:: MATERIAL SUPPLIED ::
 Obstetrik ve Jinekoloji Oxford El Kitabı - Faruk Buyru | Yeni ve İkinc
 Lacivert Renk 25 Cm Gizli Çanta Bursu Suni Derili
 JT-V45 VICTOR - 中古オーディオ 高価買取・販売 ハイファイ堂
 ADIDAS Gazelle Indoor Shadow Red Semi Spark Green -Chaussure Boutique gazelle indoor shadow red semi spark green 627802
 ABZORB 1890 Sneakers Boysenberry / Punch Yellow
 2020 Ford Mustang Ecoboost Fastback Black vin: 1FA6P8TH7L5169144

* * *

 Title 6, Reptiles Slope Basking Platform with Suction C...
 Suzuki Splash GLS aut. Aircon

:: WHAT YOU WILL DO ::
Above are the records; from them, give again exactly the lines from the one containing "Obstetrik ve Jinekoloji" through the one containing "2020 Ford Mustang", both included.

:: TASK ANSWER ::
 Obstetrik ve Jinekoloji Oxford El Kitabı - Faruk Buyru | Yeni ve İkinc
 Lacivert Renk 25 Cm Gizli Çanta Bursu Suni Derili
 JT-V45 VICTOR - 中古オーディオ 高価買取・販売 ハイファイ堂
 ADIDAS Gazelle Indoor Shadow Red Semi Spark Green -Chaussure Boutique gazelle indoor shadow red semi spark green 627802
 ABZORB 1890 Sneakers Boysenberry / Punch Yellow
 2020 Ford Mustang Ecoboost Fastback Black vin: 1FA6P8TH7L5169144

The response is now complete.